Pour régler les cultures sur les montagnes, il faudrait d’abord faire une distinction essentielle. — Les unes, qui ne détruisent pas la consistance du sol, pourraient être tolérées sans restriction : telles seraient les prairies naturelles ou artificielles. Les autres, qui rendent le sol meuble, ne seraient plus tolérées dans certains quartiers, qu’à la condition d’être assises sur un talus déterminé.

Quel serait ce talus ? — On admet généralement que celui des terres coulantes est de 3 de base sur 2 de hauteur. Or, une pareille inclinaison serait déjà trop forte ; car si les terres coulent jusqu’à cette limite, par la seule action de leur pesanteur et de leur incohésion, elles ne s’y tiendront plus, lorsque les eaux d’une part, et les araires de l’autre, auront augmenté chacune des deux actions. On peut, d’après cette considération, fixer la limite cherchée au talus qui aurait 3 de base pour 1 de hauteur. Bien entendu que c’est là une limite supérieure qui ne pourrait jamais être dépassée[1].

Ce règlement ne s’appliquerait pas seulement aux terrains qui seraient défrichés dans l’avenir. Il atteindrait aussi les défrichements déjà effectués, partout où ces défrichements auraient été suivis d’effets nuisibles bien constatés.

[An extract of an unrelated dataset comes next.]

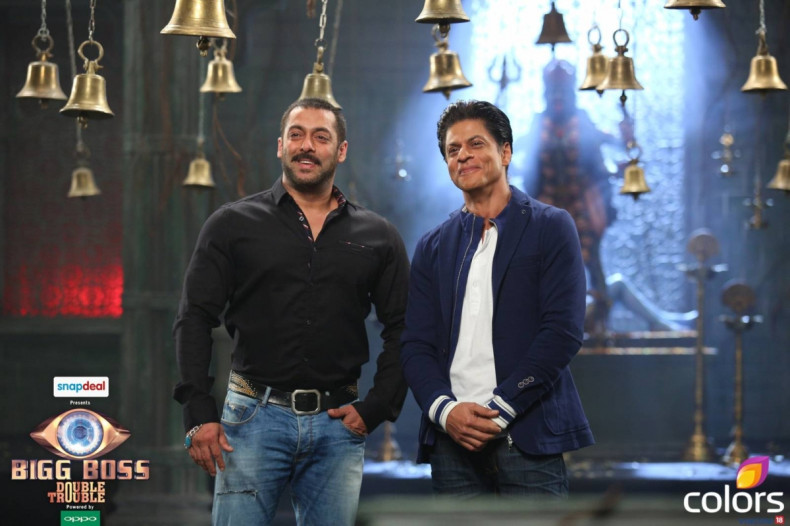 Bigg Boss 9 with Salman Khan and Shah Rukh Khan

Pour réparer les abus du passé, il ne suffirait pas de prévenir les abus futurs ; car le mal qui reste à faire sera toujours peu de chose à côté de celui qui est déjà fait.

Je sais bien que de pareils règlements semblent heurter de front les

  1. Voyez dans la note 17 les mesures proposées par Fabre pour régler les défrichements sur les montagne.